Nvidia Blackwell changes the math for racks, rows, and cooling loops. If you’re sizing from GPU TDP alone, you’re likely undercounting the real load.
As of 2026, public figures put many server-class Blackwell parts in the 600W class, while GB200 rack-scale systems land around 120kW to 140kW per rack. Yet Blackwell power draw at the facility meter is always higher than the GPU headline.
That gap is where budgets slip, colo plans fail, and dense AI builds hit thermal limits.
Which Blackwell power numbers are firm, and which depend on the build
The public numbers are useful, but they need context. Server-oriented Blackwell parts such as B200 are widely discussed around 600W per GPU, and NVIDIA’s DGX B200 platform shows how these GPUs sit inside a full system, not in isolation.
That distinction matters. A GPU TDP is not the same as measured wall power for a complete server. It doesn’t include CPUs, DIMMs, NICs, SSDs, motherboard losses, fans, pumps, or PSU conversion losses.
Partner design also changes the answer. A liquid-cooled 8-GPU server and an air-cooled 8-GPU server won’t behave the same, even with the same GPU SKU. Board design, boost limits, power caps, airflow, and inlet temperature all shape the final draw.
Workload matters too. Dense training jobs often push power higher than lighter inference mixes. Memory-bound jobs can look different from sustained tensor-heavy runs. Some operators will cap GPUs below maximum board power to fit power budgets or cooling limits, and that changes performance per rack.

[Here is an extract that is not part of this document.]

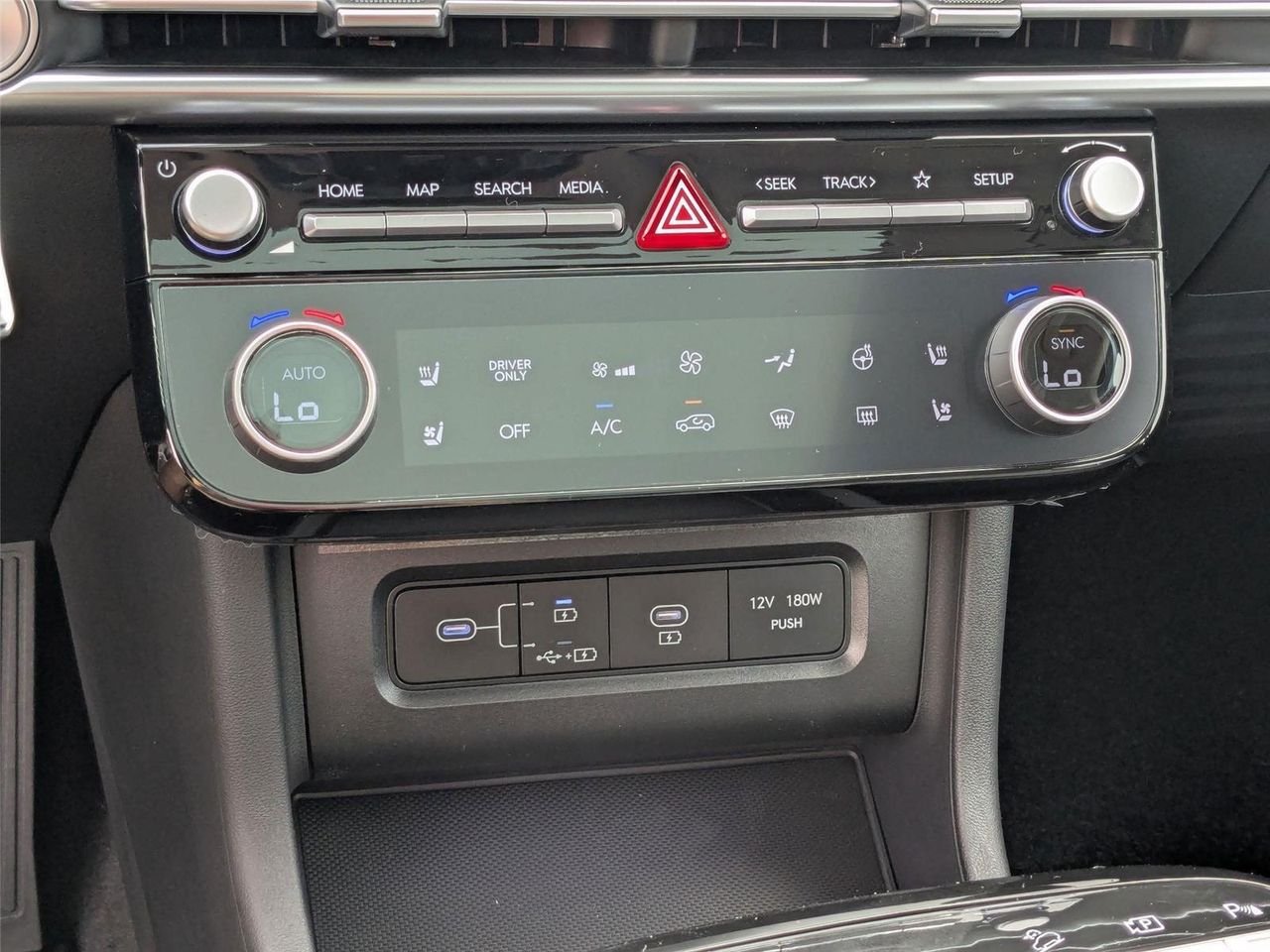 2025 Hyundai Tucson Limited - Photo 23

Public summaries such as this Blackwell architecture breakdown help frame the lineup, but planners still need vendor-specific measurements for the exact server they intend to buy.
A 600W GPU is the headline number. Your bill comes from the whole server, the rack, and the cooling plant.

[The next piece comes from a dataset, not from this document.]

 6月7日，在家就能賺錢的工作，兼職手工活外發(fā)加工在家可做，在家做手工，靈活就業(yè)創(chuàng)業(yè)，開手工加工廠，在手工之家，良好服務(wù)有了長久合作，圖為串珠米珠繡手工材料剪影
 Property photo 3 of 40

So, treat published figures as a starting point. Use them for rough sizing, not for purchase approval.
Why rack power rises faster than GPU TDP
Once you move from a single node to a real cluster, the power curve bends upward fast. That’s because rack density adds network gear, storage, power conversion losses, and cooling overhead on top of the compute load.
A simple example helps. Eight GPUs at 600W each already total 4.8kW. Add two high-end CPUs, memory, NICs, local NVMe, fans or liquid pumps, and you’re often above 6kW before you even count rack switches. Then add PSU losses, and the wall number climbs again.

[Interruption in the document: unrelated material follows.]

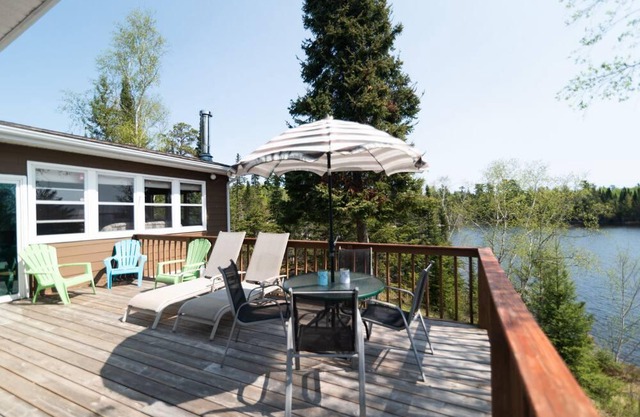 Boat access on Lake of the Woods. 10-15 minutes from Kenora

Rack-scale GB200 systems sit in a different class. Public 2026 figures place GB200 NVL72 racks around 120kW to 140kW total, and those deployments usually assume liquid cooling. That is not “72 GPUs times a simple TDP.” It’s a rack-domain design with compute, interconnect, and supporting hardware working as one unit.
The jump from 20kW racks to 40kW, 60kW, or 120kW racks changes the project. Branch circuits, busways, floor loading, containment, and heat rejection all come into play. Many colocation halls still price and cool for much lower densities, so a Blackwell build can be limited by the building long before it is limited by budget.
Industry deployment notes such as this B200 vs GB200 deployment guide show the tradeoff clearly. Higher density can improve cluster efficiency and reduce east-west cable sprawl, but it narrows your facility options and raises failure-domain risk.
Underestimate, and you may trip breakers or throttle servers. Overbuild, and you may pay for white space and cooling you never use.
Simple planning scenarios for per-server and per-rack power
A practical model starts with three layers. First, total the GPU budget. Next, add the rest of the server. Then add losses and facility overhead.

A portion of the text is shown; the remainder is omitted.